As one injustice, however seemingly small, slips by unchallenged the next one grows ever stronger. What this books shows is that alternatively any act, however small, that demands an end to injustice can gather momentum and become an irresistible current that turns the tide in the other direction.  

Whistle-blower Chelsea Manning, former USA army intelligence analyst and publisher and editor in chief of WikiLeaks Julian Assange both courageously exposed the torture and injustice at Guantanamo prison at great personal cost by bringing to public attention the standard operating procedural manual which included the securing and treatment of detainees.  

As American journalist Glenn Greenwald writes: ‘how oppressive is this American detention system, how unreliable the evidence is on which the accusations are based…. The idea of trusting the government to imprison people for life based on secret, untested evidence never reviewed by a court should repel any decent or minimally rational person, but these newly released files demonstrate how warped is this indefinite detention specifically.’

Huge global internet and media circulation of these classified documents brought the USA war crimes in Iraq and Afghanistan and the abuses at Guantanamo to the world’s attention. 

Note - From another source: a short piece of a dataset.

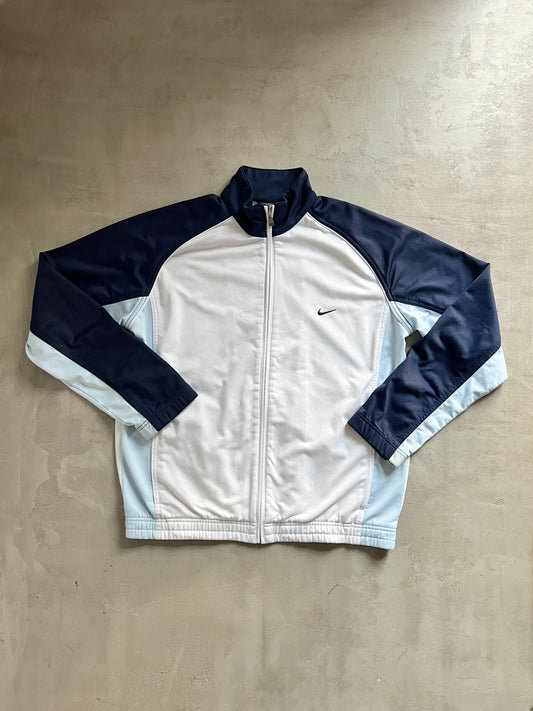 WHITE/BABY BLUE NIKE TRACK JACKET - 2000S - L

One result was that the full might of the USA state apparatus was used to silence and imprison both these conscientious truth tellers in an attempt to stuff back down, choke off and destroy the message and the messengers. 

Julian Assange has been imprisoned in HMP Belmarsh for more than a year, held now as a remand prisoner, to face the rest of an extradition hearing to the USA to be held in September 2020.

He has been persecuted, tortured and silenced with the full backing of a corrupted UK government and a judiciary that has bent laws to join America in sending a warning to journalists worldwide to censor their publishing, if related to information revealing the dark side of the state or else suffer the consequences. 

As Anne Ramberg, head of the Swedish Bar Association said of Assange: Should we extradite to Germany’s Hitler someone who has revealed the existence of concentration camps and genocide?

But the truth cannot be stuffed down and contorted with brute force.  And today worldwide we are seeing the cracks appearing in this crazy orchestrated narrative that is built on sand.

But the truth cannot be stuffed down and contorted with brute force.  And today worldwide we are seeing the cracks appearing in this crazy orchestrated narrative that is built on sand.